JV: How did you get started in the business, and what were some of the highlights along the way to your present position?
Sheldon: I was working as a cook in my old man’s restaurant. I was a musician and passionate about music and all that kind of stuff, and looking for a way to make some money while still being involved in music. So I thought the local radio station would be a good place to start. I went to go bug the local Program Director, and he said, “Well, we don’t really take volunteers...” and that kind of stuff. But lo and behold, about a week later, they had an entry-level position open up, where they just needed an operator to come by and push some buttons for the commercials during the hockey games and that sort of thing. So he gave me a call back, and I started there working just a couple of nights a week, pushing buttons for the hockey broadcast. This was in Prince George at CKBG, probably in ’98 or ’99. I was 17 or 18.
Then I decided I wanted to move to the big town. I had gotten a little sick of the smaller city. So I moved to Vancouver – with my girlfriend, who is now my wife – and did the same thing. I phoned up one of the local radio stations and told them I had a little bit of experience doing that kind of thing, so they hired me on as an operator for the talk shows, just pushing the buttons at the commercials again.
I did that for a while, until I got kind of bored of that, and started to look around for something a little more fun. I saw the guys in the big Vancouver production studios at Corus Radio there. That looked pretty impressive and looked pretty fun, so I started bugging the Production Manager and asked if I could come in during early mornings or nighttime and just play around and see what I could do. I did that on my own time and just made spots and promos and pretty much just goofed around, until it came time when they actually needed somebody to do some fill-in whenever somebody took a holiday through summer or Christmas or needed some extra work done.
Eventually, they hired me on part-time to do fill-in and extra work and that kind of stuff in Vancouver. I did that for a while and then thought about how they had four producers there for the four stations, and they were pretty solid in their jobs. They weren’t going anywhere. They had a great job in a great big market.
So eventually, I decided to move to a town called Lloydminster, Alberta, and took a pay cut so I could actually be full-time doing production, and also took a part-time writer gig as well. So we moved out to a small town in Alberta, and I worked doing production and writing for a small station there, which actually turned out to be a pretty great station, as far as creative is concerned.
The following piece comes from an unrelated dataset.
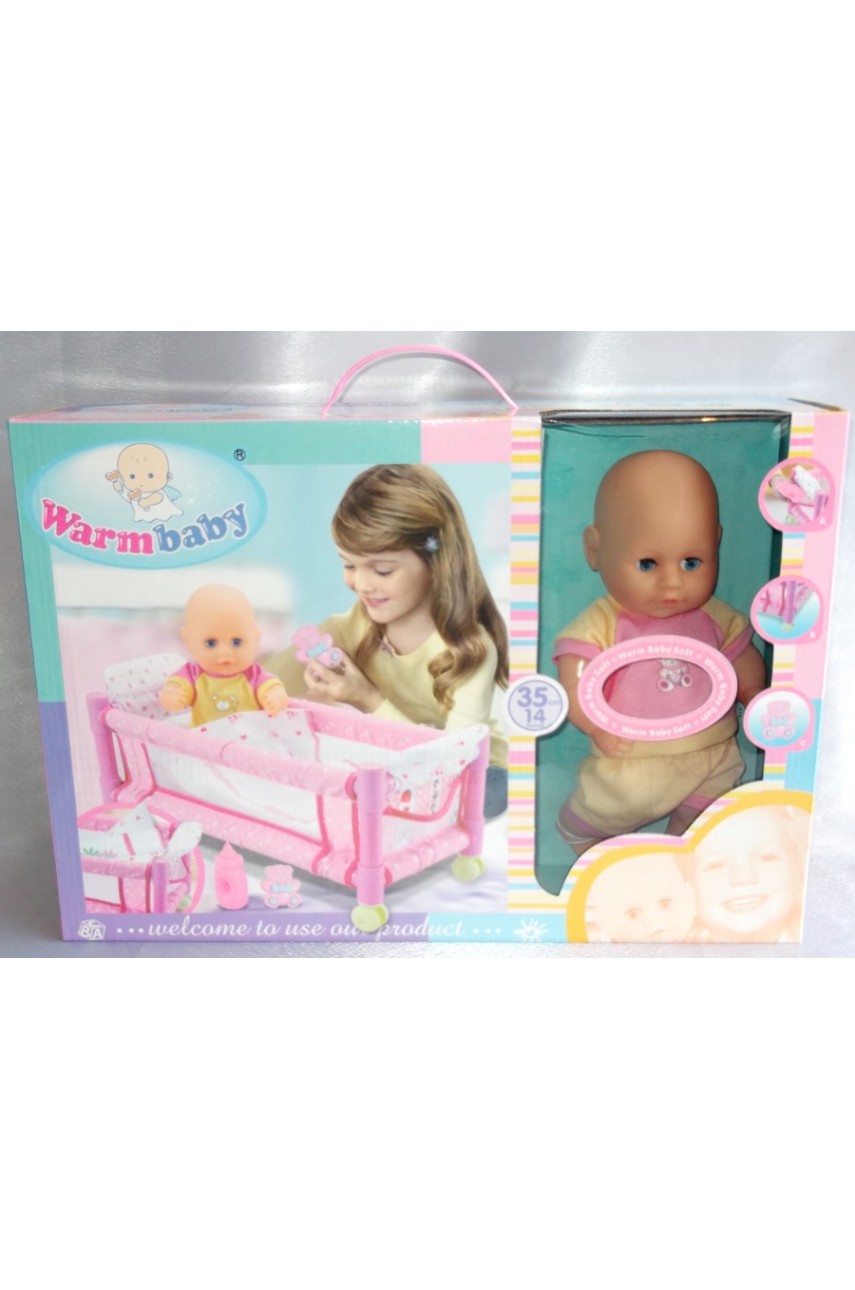 Кукла с кроваткой Baby warm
They had a big value on getting great creative on the air, for such a small station. I was there for about a year until we decided that we wanted to move back to the West Coast. We wanted to be back near the ocean.
So I saw a posting on the Internet for a Production Manager here in Victoria. I couldn’t help but apply for that. I had an interview, and they ended up hiring me. I’ve been here in Victoria, at The Q and The Zone for about the last four years now. I started as a Production Manager. Then their Creative Director actually ended up getting out of radio, so they ended up hiring me as the Creative Director, and I’ve been doing that for the last year.
JV: Did you do any on-air work during any of this time?
Sheldon: Never. I never went to broadcast school. When you go to school, they force you to be on the air. So other than piddling in the studio and jumping on with the announcers every once in a while during one of their breaks, I’ve never been on the air. I’ve never done a show.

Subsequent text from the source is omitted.